Energetische Signatur

Es gibt Menschen, die bügeln mit Leidenschaft und versinken immer wieder in den Bergen aus Hemden, T-Shirts oder Tischdecken, die schon seit Weihnachten liegen, um ihre Gedanken beim Arbeiten zu vergessen. Denn die Gedanken sind manchmal mit zerstörerischer Explosionskraft, die schönes Empfinden mit einer Handbewegung einfach wegwischen. Das möchte niemand haben, deshalb wird gebügelt. Das klappt bei mir nicht; also drehe ich die Sachlage: Meine Hände arbeiten und der Kopf tobt sich aus. Ich starte meine inneren Bilder, betrachte Dinge, Gesagtes, Träume und wage mich in die Bereiche der verbotenen Sehnsüchte. Das Schöne daran ist: Niemand bemerkt es. Ich bin äußerlich mega-fleißig, da schließlich bereits drei Körbe in Reihe stehen und ich jedem Betrachter meiner Person ein tapferes Lächeln schenke und mein Hausfrauenpunktekonto in die Höhe schießt. Innerlich habe ich Spaß und verbessere meine Welt ziemlich ausschweifend mit tiefstem Vergnügen.

Um dem Ganzen ein riesiges I-Tüpfelchen aufzusetzen, liegt mein Laptop auf der Spitze des bereits Gefertigten und offeriert mir meinen Lieblings-Podcast mit einem Fachmann[1] der gedanklichen Auseinandersetzung. Dieser zerpflückt Woche für Woche kurioses Gedankengut, um etwas Klarheit in die Welt zu bringen und ebnet damit ebenso die zerfransten Ausschläge so mancher meiner Überlegungen.

Also glätte ich konzentriert den Ärmel einer Bluse, die ich nur selten anziehe, weil sie so schwer zu bügeln ist, doch ich ignoriere diesen Aspekt und höre Christian zu.

„Du hast ein Problem, das deine Gedanken blockiert und deine Gedanken kreisen darum. Bist du dir sicher, dass es 100% wahr ist?“ Der Mann hatte noch nie meine Probleme, sonst würde er solche Fragen nicht stellen.

„Also schließe die Augen und stelle Dir deinen Gedanken vor, wie fühlst Du dich?“ Hallo, wir sprechen über ein Problem! Das Wort „Problem“ bedeutet, wir reden über eine schwierige Frage, die gelöst werden will oder ein Ärgernis oder sogar Konflikt; wer fühlt sich da super? Ich bekomme bei Problemen immer Mundfalten oder Nullbock auf Garnichts.

„Wie würdest du empfinden, wenn du diesen Gedanken nicht hättest?“ Ok, jetzt kreisen wir das Ganze ein wenig ein. Ich bin voll dabei, schließlich bezeichne ich mich als einen positiven Charakter.

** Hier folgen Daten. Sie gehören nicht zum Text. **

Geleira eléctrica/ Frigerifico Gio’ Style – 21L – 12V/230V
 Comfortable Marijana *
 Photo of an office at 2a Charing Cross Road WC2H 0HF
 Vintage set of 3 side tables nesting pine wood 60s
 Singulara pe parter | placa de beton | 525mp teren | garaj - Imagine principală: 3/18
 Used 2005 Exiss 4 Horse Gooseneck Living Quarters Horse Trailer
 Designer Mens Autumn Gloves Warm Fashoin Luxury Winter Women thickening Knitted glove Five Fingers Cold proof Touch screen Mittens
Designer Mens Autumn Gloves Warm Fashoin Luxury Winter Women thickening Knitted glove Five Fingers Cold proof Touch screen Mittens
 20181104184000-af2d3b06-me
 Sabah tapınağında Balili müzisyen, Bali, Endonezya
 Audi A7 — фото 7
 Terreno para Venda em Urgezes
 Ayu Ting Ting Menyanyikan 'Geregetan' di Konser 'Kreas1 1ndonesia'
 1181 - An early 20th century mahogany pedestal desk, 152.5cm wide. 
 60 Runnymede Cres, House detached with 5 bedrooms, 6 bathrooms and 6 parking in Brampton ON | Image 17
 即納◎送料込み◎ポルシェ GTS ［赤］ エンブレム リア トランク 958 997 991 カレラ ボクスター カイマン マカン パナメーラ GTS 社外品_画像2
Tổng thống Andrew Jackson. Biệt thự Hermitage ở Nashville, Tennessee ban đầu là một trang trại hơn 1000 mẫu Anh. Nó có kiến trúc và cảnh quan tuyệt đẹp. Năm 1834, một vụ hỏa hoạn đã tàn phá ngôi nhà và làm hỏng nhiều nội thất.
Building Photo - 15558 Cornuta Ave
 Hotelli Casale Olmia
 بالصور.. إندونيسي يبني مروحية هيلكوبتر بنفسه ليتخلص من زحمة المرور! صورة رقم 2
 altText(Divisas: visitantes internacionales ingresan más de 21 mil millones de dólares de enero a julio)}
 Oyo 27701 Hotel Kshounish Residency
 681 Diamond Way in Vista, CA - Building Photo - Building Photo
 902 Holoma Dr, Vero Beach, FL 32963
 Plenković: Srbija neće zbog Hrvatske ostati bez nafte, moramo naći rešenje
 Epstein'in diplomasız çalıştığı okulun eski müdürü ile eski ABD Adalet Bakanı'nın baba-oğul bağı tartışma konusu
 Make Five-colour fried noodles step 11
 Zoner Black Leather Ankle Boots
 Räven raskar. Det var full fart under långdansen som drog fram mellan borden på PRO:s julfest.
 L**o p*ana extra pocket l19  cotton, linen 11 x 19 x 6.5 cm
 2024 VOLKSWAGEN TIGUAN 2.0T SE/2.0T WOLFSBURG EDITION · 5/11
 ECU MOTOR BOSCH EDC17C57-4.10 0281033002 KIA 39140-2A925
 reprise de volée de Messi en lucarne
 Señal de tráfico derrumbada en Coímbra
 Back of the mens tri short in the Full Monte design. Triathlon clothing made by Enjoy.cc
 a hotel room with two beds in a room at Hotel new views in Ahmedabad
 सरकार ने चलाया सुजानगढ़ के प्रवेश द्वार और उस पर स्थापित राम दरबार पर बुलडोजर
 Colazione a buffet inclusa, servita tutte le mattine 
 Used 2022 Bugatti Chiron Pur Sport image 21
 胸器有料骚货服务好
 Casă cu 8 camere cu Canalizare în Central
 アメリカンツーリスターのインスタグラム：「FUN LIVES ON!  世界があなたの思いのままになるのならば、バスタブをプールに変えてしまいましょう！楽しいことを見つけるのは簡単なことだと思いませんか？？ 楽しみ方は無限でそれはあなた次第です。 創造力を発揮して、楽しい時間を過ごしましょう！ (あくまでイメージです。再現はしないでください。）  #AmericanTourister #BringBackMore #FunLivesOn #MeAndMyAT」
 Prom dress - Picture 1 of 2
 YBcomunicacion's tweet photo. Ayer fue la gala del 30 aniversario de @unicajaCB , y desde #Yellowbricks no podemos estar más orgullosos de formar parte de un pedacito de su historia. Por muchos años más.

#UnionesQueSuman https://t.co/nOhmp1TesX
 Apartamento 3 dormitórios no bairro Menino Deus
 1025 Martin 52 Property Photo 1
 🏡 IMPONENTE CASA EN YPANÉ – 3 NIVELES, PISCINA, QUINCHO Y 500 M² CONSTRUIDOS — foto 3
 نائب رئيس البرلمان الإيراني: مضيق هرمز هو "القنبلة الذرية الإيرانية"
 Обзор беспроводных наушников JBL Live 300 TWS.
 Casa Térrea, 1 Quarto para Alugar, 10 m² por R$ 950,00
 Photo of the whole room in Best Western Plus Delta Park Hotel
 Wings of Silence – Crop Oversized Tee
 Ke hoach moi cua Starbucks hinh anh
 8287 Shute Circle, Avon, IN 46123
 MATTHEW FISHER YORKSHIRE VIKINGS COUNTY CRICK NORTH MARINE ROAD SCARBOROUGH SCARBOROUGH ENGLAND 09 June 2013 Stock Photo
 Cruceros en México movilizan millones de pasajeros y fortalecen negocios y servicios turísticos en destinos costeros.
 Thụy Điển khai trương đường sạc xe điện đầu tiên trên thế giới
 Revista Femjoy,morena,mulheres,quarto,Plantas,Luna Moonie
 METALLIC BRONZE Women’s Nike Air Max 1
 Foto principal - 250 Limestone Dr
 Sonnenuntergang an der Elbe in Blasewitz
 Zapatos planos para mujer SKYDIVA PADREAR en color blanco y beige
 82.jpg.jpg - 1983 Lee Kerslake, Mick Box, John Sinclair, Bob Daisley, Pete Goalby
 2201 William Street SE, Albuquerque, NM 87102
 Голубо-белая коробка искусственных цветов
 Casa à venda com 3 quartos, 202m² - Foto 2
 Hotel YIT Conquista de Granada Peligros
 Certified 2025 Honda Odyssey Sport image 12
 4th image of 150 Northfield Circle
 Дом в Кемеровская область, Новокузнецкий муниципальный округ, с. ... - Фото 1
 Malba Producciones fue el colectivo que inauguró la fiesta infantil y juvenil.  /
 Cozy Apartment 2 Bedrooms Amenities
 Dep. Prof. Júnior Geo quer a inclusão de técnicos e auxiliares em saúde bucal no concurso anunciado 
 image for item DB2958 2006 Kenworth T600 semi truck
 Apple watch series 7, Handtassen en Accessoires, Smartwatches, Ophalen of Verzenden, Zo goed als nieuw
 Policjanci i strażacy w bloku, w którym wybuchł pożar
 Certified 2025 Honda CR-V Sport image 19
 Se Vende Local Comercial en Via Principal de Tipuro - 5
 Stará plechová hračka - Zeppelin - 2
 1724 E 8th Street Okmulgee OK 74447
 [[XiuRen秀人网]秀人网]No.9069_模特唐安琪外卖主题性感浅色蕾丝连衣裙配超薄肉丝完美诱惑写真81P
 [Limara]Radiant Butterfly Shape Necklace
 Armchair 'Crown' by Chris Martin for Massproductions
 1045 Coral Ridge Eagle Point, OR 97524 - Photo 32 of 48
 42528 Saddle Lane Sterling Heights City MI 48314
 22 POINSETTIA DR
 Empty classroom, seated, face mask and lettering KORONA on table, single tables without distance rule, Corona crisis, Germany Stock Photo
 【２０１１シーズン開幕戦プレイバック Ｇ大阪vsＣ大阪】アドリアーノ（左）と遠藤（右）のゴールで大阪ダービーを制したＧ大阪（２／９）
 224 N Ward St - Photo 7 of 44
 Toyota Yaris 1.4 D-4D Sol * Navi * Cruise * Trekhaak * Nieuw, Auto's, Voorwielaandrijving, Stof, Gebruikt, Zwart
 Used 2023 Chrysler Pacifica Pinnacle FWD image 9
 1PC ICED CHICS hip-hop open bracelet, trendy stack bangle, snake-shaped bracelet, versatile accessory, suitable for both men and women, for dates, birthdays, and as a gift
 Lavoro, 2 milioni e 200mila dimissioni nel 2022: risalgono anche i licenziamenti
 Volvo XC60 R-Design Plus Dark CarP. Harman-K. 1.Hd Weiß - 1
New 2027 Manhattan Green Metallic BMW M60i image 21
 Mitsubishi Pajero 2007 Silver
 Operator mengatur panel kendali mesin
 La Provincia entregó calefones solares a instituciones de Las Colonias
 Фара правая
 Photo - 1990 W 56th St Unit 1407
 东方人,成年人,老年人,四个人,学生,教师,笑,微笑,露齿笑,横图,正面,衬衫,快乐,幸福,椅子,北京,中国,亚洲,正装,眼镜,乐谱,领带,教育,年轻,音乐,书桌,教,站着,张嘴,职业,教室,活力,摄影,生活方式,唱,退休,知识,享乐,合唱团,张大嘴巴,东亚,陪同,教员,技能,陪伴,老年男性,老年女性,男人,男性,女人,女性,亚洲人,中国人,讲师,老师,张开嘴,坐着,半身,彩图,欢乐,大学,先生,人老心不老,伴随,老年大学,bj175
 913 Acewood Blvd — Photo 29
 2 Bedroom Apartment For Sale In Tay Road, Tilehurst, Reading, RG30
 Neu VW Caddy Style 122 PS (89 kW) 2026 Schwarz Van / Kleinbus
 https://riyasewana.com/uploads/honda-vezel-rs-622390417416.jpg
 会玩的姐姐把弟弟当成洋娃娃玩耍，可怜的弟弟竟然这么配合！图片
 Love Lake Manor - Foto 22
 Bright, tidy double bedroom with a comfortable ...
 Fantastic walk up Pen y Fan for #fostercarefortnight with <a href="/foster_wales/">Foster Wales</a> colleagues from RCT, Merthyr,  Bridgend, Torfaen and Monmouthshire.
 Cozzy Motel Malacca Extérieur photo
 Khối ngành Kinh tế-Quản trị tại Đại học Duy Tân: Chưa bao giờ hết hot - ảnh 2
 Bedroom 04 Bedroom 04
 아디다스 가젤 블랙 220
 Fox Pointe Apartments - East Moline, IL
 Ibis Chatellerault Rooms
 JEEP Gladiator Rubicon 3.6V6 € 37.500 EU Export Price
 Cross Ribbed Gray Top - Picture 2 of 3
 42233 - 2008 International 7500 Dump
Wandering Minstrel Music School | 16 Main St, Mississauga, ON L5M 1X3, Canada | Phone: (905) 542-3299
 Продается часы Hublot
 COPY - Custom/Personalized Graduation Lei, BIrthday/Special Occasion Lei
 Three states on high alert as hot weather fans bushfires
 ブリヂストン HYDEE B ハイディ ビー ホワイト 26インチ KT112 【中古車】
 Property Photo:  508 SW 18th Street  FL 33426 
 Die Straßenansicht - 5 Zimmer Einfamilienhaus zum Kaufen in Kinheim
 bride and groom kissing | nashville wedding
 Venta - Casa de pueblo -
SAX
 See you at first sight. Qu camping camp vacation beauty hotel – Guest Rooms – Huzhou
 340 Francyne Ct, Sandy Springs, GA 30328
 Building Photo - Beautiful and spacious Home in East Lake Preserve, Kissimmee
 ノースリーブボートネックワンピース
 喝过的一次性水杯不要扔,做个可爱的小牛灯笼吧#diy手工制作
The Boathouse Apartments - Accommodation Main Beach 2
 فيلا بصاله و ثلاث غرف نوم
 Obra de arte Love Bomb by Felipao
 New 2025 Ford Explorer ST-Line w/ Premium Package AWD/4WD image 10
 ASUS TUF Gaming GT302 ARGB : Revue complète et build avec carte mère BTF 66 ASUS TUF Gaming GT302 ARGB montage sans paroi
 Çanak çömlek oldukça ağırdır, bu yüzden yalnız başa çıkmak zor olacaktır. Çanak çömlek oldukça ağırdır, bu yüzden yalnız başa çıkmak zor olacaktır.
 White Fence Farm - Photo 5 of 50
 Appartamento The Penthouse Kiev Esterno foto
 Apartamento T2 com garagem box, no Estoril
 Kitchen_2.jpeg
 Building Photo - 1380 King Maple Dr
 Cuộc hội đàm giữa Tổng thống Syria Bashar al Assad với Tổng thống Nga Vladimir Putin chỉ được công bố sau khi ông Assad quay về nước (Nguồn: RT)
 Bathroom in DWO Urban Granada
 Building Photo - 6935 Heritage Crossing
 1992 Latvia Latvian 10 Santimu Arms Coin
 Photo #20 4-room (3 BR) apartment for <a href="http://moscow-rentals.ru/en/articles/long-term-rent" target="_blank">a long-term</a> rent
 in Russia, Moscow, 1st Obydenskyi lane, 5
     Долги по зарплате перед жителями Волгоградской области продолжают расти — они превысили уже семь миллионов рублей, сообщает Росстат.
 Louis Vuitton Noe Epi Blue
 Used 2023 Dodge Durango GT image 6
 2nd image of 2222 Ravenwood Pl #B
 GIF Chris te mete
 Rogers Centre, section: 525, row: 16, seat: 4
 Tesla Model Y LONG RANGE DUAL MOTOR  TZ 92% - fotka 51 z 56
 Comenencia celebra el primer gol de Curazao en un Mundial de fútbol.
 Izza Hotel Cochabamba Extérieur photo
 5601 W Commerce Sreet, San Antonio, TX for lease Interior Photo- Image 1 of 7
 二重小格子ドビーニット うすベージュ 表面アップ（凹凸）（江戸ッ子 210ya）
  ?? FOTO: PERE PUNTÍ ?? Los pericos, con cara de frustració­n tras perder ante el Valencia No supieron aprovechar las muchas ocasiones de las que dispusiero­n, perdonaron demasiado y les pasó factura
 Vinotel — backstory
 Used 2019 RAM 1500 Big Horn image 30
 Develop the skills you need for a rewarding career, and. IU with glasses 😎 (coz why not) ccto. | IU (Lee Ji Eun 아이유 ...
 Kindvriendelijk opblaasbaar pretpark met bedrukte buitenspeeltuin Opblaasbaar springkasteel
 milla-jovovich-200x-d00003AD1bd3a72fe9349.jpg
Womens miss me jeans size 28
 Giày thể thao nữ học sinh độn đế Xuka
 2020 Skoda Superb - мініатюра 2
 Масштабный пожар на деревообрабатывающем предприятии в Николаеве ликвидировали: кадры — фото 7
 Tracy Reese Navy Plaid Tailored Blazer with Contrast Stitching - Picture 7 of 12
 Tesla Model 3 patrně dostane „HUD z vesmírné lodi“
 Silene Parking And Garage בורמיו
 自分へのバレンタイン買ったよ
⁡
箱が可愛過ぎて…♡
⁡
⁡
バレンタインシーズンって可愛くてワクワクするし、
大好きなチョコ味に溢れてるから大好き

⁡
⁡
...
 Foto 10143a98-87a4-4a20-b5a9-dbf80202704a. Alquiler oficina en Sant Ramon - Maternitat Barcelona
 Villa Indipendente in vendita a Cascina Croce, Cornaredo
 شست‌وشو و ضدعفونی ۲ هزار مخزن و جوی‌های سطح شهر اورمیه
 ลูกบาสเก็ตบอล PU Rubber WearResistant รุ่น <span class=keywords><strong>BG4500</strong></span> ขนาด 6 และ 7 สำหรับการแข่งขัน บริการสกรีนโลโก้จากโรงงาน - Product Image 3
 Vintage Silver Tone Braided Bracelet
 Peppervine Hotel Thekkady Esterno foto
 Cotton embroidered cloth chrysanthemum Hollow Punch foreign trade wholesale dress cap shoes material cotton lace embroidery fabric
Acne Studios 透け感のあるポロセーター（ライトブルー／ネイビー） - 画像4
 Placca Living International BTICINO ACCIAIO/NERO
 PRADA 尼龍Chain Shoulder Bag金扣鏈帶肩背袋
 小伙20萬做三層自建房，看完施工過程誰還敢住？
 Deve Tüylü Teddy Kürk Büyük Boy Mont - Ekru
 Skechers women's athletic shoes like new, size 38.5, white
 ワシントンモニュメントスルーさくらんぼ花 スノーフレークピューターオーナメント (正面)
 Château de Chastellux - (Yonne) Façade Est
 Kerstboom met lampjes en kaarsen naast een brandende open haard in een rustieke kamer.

„Wie groß ist jetzt die Harmonie in dir?“ Etwas Negatives fällt weg. Das fühlt sich gut an. Ich bügele den Kragen. Gibt es irgendein Problem in meinem Leben? Ich bin schon ziemlich dankbar, dass ich etwas überlegen muss. Ok, ich lerne ständig irgendetwas Neues und bin damit unzufrieden, dass der Lernerfolg so viel Zeit benötigt, nicht einfach. Schließlich ist es manchmal der Grund für so manche Frustration, dass das Jungvolk mich mit spielerischer Leichtigkeit überholt oder nicht so gefangen in den Gegebenheiten des Lebens ist, sodass der Lernerfolg sich bei ihnen schneller einstellt. Also: ich stelle mir vor, dass ich keine Vergleiche ziehe und kein Ziel mit einer Zeitvorgabe formuliere. Hey, das fühlt sich cool an! Ignoriere ich damit nicht die Realität? Ich tue einfach so, als wäre ein Problem nicht da?

Christian, ich bin voll und ganz mit dir. Und nun?

„Man braucht niemanden, um mit sich selbst in Harmonie zu sein.“ Klar, die anderen machen die Probleme. Meine Rede! Blusen sind knittrig oder nicht, unabhängig von meiner Fertigkeit des Bügelns. Ich werde ein Schild basteln, um jeden davon zu überzeugen, dass die Knitter von der schlechten Qualität des Stoffes herrühren und nicht von meiner Fertigkeit als Büglerin.

„Lasse die Realität so, wie sie ist. Harmonie entsteht immer nur mit einem selbst, alles andere ist nur ein Spiegel.“ Jetzt weiß mein Innerstes keine Antwort. Das Spöttische hat sich versteckt. Stumm verharre ich in meinen Bewegungen und brenne ein Loch in meine Bluse. Was soll‘s, die wollte ich eh nie bügeln.

„Alles ist perfekt, weil es IST, unabhängig vom Gedanken.“ Das ist starker Tobak! Angenommen, ich lasse die Welt einfach stehen und verändere meine Gedanken. Die Welt ist immer noch so wie sie ist, doch ich bin in Harmonie. Es sind meine Gedanken, die meine Welt mit Negativem oder Positivem füllen. Das ist ganz schön schwer wirklich zu verstehen.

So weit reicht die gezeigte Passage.